L’histoire, non seulement du Chili mais de nombreux autres pays d’Amérique latine au XXe siècle, confirme cette règle. Dans un pays comme le Brésil, le coup militaire de 1964 a renversé un président élu, João Goulart, qui n’était pas un socialiste et un marxiste comme Allende, mais un populiste modéré, partisan de quelques réformes limitées. Les classes dominantes du continent, en lien avec le Pentagone américain, cherchent à mettre fin à des expériences démocratiques qui mettent en question, même de forme modérée, leurs privilèges exorbitants.

  • Justement, dans Le choix de la guerre civile Pierre Dardot, Christian Laval, Haud Guéguen et Pierre Sauvêtre, soutiennent que le néolibéralisme ne rechigne pas à recourir à la guerre civile s’il le faut pour réaliser le projet d’une société de marché…

Je suis tout à fait d’accord avec cette thèse, et le Chili en 1973 en est l’exemple le plus flagrant, à ceci près que ce fut une guerre civile à sens unique : une guerre des Forces Armées contre la gauche, les ouvriers ou paysans organisés, les chrétiens progressistes, les intellectuels critiques.
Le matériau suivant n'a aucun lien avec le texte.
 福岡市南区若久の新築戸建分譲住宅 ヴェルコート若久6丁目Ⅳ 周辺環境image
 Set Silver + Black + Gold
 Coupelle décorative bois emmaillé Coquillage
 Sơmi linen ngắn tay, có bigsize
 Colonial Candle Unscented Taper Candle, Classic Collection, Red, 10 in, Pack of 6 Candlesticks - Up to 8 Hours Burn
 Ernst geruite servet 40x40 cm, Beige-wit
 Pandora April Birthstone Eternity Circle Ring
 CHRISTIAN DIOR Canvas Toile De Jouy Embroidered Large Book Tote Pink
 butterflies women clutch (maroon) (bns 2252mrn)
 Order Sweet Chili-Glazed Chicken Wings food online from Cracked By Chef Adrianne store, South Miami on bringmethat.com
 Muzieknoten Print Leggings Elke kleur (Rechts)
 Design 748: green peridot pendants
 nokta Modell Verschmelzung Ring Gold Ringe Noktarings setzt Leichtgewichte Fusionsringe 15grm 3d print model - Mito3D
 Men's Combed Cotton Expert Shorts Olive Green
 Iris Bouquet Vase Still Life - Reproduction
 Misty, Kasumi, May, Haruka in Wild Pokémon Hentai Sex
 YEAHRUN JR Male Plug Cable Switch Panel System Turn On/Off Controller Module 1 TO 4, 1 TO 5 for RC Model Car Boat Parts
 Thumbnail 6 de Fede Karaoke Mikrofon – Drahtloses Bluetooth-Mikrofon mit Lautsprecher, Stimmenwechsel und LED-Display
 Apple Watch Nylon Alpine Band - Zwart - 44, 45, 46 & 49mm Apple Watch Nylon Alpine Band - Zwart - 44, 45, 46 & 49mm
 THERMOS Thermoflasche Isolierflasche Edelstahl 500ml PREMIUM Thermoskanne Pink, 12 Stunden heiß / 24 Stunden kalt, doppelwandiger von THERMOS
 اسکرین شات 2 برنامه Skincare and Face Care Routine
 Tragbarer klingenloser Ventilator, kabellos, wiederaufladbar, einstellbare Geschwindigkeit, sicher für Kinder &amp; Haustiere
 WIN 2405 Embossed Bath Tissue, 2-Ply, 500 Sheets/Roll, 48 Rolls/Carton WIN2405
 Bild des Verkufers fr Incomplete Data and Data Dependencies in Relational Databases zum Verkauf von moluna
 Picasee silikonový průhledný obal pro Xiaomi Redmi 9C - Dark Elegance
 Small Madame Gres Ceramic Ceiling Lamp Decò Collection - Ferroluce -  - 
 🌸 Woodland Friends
Mais cette pratique des classes dominantes est antérieure au néolibéralisme : dans la Russie en 1917-18, en Hongrie en 1919, en Espagne en 1936, les élites réactionnaires, les propriétaires terriens, la grande bourgeoisie n’ont pas hésité à initier une guerre civile pour renverser un gouvernement révolutionnaire (Russie, Hongrie) ou progressiste (Espagne).

  • On a beaucoup évoqué l’expérience du MIR lors des révoltes populaires au Chili en 2019… Le spectre d’Allende hante-t-il le Chili encore aujourd’hui ?

La figure d’Allende, ou celle de Miguel Enriquez (le dirigeant du MIR) sont présentes dans la mémoire collective du peuple chilien, et dans les aspirations de la jeunesse et des femmes à un changement radical, à une rupture avec le néolibéralisme. Mais il va de soi que la situation actuelle du Chili et du monde n’est la même que dans les années 1970, chaque génération devra trouver son propre chemin.

  • Vous avez choisi de raconter le coup d’État d’Allende sous la forme d’une fiction, un « docu-fiction ». Pourquoi ce choix ?

Il existe un nombre considérable de livres d’historiens sur le coup d’État de Pinochet et la mort d’Allende, dont certains de très grande qualité. Nous ne sommes pas historiens, et nous n’avons pas la prétention de présenter une autre version des événements.

Plus modestement, nous avons choisi une forme « semi-fictive », avec des dialogues, en générale fondés sur des documents. Cela fait mieux ressortir la dimension subjective des événements. Et cela correspond aussi à notre subjectivité… L’objectif de ce petit ouvrage était de dénoncer le crime de Pinochet et ses complices, et de rendre hommage à ceux qui ont tenté de résister au coup, souvent au prix de leur vie, comme Salvador Allende lui-même.

Olivier Besancenot et Michael Löwy, Septembre Rouge. Le coup d’État du 11 septembre 1973 au Chili, éditions Textuel, 160 p., 18,90 €.